Many people go through life without ever seeing Mercury, even though it shines as brightly as some of the brightest stars in the sky. That is because it never gets far enough away from the Sun to be seen in a dark sky.
You have to look for it when it gets furthest from the Sun, as seen from the Earth, which means either during dusk in the evenings, or just before dawn when it is in the morning sky. Even at one of it better apparitions, when it gets 28° from the Sun, it will still be low over the horizon, and so may be lost in murk or cloud.
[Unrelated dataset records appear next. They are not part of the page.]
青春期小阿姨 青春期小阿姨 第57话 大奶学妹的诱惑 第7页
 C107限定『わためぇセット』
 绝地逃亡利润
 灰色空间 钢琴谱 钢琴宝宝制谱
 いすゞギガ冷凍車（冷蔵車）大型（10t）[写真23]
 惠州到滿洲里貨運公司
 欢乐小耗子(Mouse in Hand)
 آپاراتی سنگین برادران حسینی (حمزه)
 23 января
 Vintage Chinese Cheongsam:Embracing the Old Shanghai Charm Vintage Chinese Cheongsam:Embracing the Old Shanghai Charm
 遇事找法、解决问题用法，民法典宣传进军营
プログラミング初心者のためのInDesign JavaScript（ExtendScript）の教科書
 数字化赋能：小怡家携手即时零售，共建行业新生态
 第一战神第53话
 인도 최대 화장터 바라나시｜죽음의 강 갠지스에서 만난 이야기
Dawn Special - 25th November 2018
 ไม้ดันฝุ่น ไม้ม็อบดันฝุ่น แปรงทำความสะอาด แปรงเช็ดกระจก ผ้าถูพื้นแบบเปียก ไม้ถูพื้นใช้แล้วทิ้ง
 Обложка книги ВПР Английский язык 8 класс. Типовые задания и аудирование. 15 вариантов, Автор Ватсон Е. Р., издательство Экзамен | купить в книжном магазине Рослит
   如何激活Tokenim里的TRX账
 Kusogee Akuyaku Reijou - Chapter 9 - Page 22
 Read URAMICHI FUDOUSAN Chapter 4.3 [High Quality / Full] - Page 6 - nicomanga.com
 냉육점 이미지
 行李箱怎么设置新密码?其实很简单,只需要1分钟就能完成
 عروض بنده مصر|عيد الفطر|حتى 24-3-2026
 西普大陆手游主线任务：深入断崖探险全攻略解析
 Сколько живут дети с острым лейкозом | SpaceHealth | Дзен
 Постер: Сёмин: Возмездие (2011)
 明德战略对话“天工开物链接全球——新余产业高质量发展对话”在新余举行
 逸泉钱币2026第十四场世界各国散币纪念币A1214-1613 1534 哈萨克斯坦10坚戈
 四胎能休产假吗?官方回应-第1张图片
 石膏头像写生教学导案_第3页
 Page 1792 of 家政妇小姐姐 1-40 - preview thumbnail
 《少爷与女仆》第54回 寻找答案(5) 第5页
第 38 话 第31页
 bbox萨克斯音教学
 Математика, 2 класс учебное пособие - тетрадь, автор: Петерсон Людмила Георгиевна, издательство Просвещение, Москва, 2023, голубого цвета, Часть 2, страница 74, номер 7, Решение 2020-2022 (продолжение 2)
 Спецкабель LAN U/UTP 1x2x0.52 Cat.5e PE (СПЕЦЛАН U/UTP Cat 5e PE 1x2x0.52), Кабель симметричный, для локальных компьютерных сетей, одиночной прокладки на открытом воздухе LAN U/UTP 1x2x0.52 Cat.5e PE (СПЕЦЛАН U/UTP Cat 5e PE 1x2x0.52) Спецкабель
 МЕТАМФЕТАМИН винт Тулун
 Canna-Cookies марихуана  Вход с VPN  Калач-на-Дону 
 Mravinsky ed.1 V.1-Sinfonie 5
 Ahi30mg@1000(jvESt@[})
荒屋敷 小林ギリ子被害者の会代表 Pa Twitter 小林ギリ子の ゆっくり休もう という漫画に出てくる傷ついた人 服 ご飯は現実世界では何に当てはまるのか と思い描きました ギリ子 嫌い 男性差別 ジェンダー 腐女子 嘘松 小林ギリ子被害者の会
The times to look for Mercury are when it reaches its eastern elongation after sunset or western elongation before sunrise. But one elongation is not the same as another. Best times to look are when the celestial ecliptic – the imaginary line through the sky along which the Sun and planets appear to travel – is steepest to the horizon.
First thing to do if you want to see Mercury is to check whether it is currently visible in our monthly guide to the night sky, and whether you need to look before dawn or after sunset.
Even when it does make one of its favourable appearances, at the time of what astronomers call its greatest elongation from the Sun, it will still be close to the horizon so that low cloud or inconvenient buildings can block it from view.
Binoculars will help you to pick it out – but never look with them while the Sun is still above the horizon. Because it zips round the Sun so quickly, Mercury’s favourable appearances do not last long, so spot it while you can! A telescope will show that the planet exhibits Moon-like phases but do not expect to see any surface detail.
How to photograph Mercury
Mercury becomes bright enough to photograph fairly easily with an ordinary camera when near one of its morning or evening elongations. It will show as a starlike point. However, it can be tricky to judge the right exposure time to give so that the planet’s bright point of light is not lost in the background twilight.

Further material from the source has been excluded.